I've had my Naploeon NPI45 for 2 years. I have a 2400sq ft split level ranch (1400 up & 1000 down). I use 4 tons of pellets per season and I'm saving $1 for every $1 of pellets spent. Filling the hopper takes about a bag and is awkward at best. The opening is small and you need to push the pellets to the rear of the hopper to fill it completely. When the stove is on low you may take too much time filling it and it may go out. You need to be quick. My insert needs to filled at least 2x a day so it doesn't go out and the burn pot needs to be stirred to get rid of ashes at least once a day so the flames stay very energetic.  Filling & cleaning takes me about 10 minutes and cleaning the exhaust ports takes another 10 min. every two weeks. I run the insert on #3 out of 5 and the higher you run it the more often you'll need to clean it and "stir the pot". It has one of the bigger bay windows for the stoves I looked at so you can see the fire very easily. 
All told, I like heating with pellets better than cordwood (20 years) and I will probably buy a higher end stove (Harman insert) to replace the NPI45 so I can get rid of the shortcomings I've mentioned. 
CFProton


----------



## fmsm

Real simple- Harman anything! I really like my P35i's but get what will fit into your fireplace. The new 52i in porcelain is beautiful!


----------



## wwert

Anything with slide out rails. I hate having to pull mine out to do a good cleaning or maintenance. I like the mt Vernon a lot.


----------



## sante fe

When I went to up grade my insert this year I looked at, did research on, Accentra, Mount Vernon, M55.
I like the design, Qualities, and Looks of the Accentra and couldn't be happier with my decision.
My vote if you want the best . ~~ HARMAN ~~


----------



## buyaninsert

Can you comment on the level of noise/quietude of Harman vs QuadraMV? I can't take noise and am not sure which one is better in this regard.


----------



## RockyMtnHigh

I think Quad and Harman are both right up there in the dankness of pellet stoves. Were it me, I'd get a Quad 1200I but that's just me. I never had any problems with Harmans when I was installing them. Pellet stoves by nature are a bit noisy with 2 blowers and an auger motor in them but it's not bad, they've all come a long way. The Accentra insert is also a VERY nice piece of machinery. The Mt Vernon AE is SUPER quiet.


----------



## buyaninsert

Thank you RockyMtHigh.


----------



## kpiesmama

Hi, currently looking to convert our wood fire place in to a pellet insert.  Research both Avalon and Harman, cant decidde what would be the best choice.  We live in northeast PA, so our winters tend to get cold, looking to heat approx. 2000 sqft.............Any help is appreciated.Thanks


----------



## Mark_ms

The rika integra II would be a good choice also or even Austroflamm Integra used.


----------



## RockyMtnHigh

Cant go wrong with Avalon or Harman. Find a dealer in your area and make sure you give them a good idea of the home layout, insulation values etc. and they should be able set you up with an appropriately sized insert for your needs.


----------



## tjnamtiw

kpiesmama said:


> Hi, currently looking to convert our wood fire place in to a pellet insert.  Research both Avalon and Harman, cant decidde what would be the best choice.  We live in northeast PA, so our winters tend to get cold, looking to heat approx. 2000 sqft.............Any help is appreciated.Thanks


I'm quoting from an admonition that I recently gave to another poster from Scranton.  Don't take this as an insult, please.  It's just a possible wake-up call.  

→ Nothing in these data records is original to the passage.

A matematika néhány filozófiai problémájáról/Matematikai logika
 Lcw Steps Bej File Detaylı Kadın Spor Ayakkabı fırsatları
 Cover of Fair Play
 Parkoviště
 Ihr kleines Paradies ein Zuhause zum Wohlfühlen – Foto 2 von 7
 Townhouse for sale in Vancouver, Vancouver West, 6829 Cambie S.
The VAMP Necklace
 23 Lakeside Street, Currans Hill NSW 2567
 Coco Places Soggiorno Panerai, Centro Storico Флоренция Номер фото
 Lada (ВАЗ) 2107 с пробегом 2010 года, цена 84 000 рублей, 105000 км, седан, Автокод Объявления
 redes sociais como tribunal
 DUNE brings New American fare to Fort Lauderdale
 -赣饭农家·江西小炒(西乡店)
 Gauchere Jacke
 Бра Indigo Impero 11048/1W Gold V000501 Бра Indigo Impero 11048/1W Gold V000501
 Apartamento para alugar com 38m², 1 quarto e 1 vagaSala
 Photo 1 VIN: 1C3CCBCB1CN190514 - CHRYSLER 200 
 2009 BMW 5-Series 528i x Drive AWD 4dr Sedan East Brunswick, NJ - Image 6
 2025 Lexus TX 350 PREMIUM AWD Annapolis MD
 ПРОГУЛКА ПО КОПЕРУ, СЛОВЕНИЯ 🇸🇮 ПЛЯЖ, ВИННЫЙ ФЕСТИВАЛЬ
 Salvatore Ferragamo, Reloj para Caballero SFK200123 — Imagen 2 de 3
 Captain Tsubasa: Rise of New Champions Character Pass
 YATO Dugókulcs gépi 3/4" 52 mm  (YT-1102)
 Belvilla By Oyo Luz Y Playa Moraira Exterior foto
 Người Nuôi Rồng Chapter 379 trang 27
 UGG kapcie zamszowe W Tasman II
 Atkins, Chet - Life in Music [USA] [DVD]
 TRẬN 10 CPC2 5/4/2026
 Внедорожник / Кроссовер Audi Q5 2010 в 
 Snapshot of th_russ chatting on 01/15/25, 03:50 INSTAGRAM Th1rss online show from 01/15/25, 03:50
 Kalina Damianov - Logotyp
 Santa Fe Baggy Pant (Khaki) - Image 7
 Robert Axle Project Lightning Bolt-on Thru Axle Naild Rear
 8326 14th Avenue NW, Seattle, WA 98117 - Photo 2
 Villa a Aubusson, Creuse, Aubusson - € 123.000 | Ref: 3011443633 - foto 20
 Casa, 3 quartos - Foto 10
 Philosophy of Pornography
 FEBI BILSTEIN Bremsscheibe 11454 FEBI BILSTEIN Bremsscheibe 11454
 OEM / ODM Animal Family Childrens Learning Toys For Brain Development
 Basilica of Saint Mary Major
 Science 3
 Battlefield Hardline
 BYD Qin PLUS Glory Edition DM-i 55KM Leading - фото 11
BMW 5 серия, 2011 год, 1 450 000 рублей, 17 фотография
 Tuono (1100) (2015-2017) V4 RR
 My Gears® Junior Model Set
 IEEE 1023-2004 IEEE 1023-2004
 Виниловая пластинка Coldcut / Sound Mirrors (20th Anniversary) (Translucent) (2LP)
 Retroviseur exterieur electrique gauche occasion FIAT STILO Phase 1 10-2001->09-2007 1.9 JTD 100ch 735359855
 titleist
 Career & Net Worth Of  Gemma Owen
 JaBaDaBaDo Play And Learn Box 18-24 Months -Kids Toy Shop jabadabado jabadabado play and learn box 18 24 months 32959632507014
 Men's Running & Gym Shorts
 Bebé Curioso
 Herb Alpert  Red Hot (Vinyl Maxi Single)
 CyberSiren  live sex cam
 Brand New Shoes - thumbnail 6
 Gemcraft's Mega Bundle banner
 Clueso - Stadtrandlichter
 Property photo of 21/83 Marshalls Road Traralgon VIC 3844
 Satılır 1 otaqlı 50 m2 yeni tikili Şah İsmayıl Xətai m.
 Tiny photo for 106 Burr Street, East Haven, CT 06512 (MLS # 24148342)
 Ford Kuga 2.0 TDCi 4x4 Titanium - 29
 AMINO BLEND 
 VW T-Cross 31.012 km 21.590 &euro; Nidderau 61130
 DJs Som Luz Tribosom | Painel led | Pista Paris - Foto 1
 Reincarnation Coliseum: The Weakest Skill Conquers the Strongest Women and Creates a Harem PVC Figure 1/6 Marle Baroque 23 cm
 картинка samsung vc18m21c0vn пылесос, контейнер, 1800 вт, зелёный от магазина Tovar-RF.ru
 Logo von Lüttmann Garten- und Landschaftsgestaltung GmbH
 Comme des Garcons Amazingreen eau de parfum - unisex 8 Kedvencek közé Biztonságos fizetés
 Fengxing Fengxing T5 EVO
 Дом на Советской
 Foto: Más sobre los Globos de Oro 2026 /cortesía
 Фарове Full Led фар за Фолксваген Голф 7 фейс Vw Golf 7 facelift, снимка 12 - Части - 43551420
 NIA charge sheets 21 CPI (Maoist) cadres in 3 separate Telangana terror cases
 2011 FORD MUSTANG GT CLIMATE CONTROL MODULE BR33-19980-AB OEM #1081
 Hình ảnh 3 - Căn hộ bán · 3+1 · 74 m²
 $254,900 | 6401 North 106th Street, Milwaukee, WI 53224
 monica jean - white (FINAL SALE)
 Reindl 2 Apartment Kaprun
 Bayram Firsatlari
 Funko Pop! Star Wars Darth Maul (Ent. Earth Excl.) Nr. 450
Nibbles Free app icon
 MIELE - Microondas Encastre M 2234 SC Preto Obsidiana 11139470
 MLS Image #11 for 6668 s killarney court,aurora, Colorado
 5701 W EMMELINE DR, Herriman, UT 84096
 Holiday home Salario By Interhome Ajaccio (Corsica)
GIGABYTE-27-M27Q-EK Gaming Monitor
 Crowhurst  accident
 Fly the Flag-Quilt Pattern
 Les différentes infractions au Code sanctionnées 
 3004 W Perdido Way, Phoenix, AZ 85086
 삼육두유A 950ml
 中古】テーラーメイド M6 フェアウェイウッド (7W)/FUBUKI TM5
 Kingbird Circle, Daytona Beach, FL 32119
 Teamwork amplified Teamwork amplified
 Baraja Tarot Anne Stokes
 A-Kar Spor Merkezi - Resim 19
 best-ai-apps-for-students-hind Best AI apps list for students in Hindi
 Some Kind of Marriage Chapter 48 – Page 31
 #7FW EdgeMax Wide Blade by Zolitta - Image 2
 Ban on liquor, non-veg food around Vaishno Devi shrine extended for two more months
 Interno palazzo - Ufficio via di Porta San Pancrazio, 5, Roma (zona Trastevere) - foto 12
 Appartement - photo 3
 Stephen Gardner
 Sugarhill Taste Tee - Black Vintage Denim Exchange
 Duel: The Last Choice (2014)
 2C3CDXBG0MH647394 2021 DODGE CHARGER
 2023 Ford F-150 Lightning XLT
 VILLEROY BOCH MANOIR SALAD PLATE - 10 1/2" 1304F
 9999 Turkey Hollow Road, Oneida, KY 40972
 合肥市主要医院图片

 OMG, YOU LIVE IN SCRANTON, for crying out loud! COAL.......COAL.............COAL! $170 a ton in Tamaqua with 50% more heat per pound than pellets! AND you get a stove that puts out twice the btu's of ANY pellet stove! OMG! My brother in law just picked up 4 tons!
Now that's my usual pitch when I see anyone from the coal regions talking about pellet stoves.  Seriously, unless you want to single handedly save the earth (the Chinese sure aren't and they are burning OUR coal), you need to look closely at the beautiful coal stoves, some of which are stokers, being made and sold all around you. If I were living back up there, I'd have another coal stove in an instant! No worries with outside storage. Just as clean as pellets if you treat the handling of the ashes properly. Just not the same as the big monsters we remember in our grandfather's cellar.

http://www.keystoker.com/
http://www.leisurelinestoves.com/
http://www.readingstove.com/
http://www.alaskastove.com/


----------



## SXIPro

I disagree with coal being just as clean as pellets. The coal dust(not the ash) ends up everywhere. It is much more fine than pellet dust, thus it carries further/easier, plus it is black so it is far more noticeable. Coal does throw great heat though.


----------



## Pellet-King

Mr Whitfield said:


> I would look on craigslist for a good used stove, I would look for a Whitfield Advantage II-t, one from the late 90's. You can pick these stove up used in great shape. This was the the number one selling stoves of all time. This will heat your  home with no problem. As you can tell by my handle, I'm a big whitfield fan. Just remember with any stove you will have to maintain it.


 
Yes the best they are!!, few years back local craigslist had them free or some were $200, kickin myself for not getting there fast enough!!


----------



## tjnamtiw

SXIPro said:


> I disagree with coal being just as clean as pellets. The coal dust(not the ash) ends up everywhere. It is much more fine than pellet dust, thus it carries further/easier, plus it is black so it is far more noticeable. Coal does throw great heat though.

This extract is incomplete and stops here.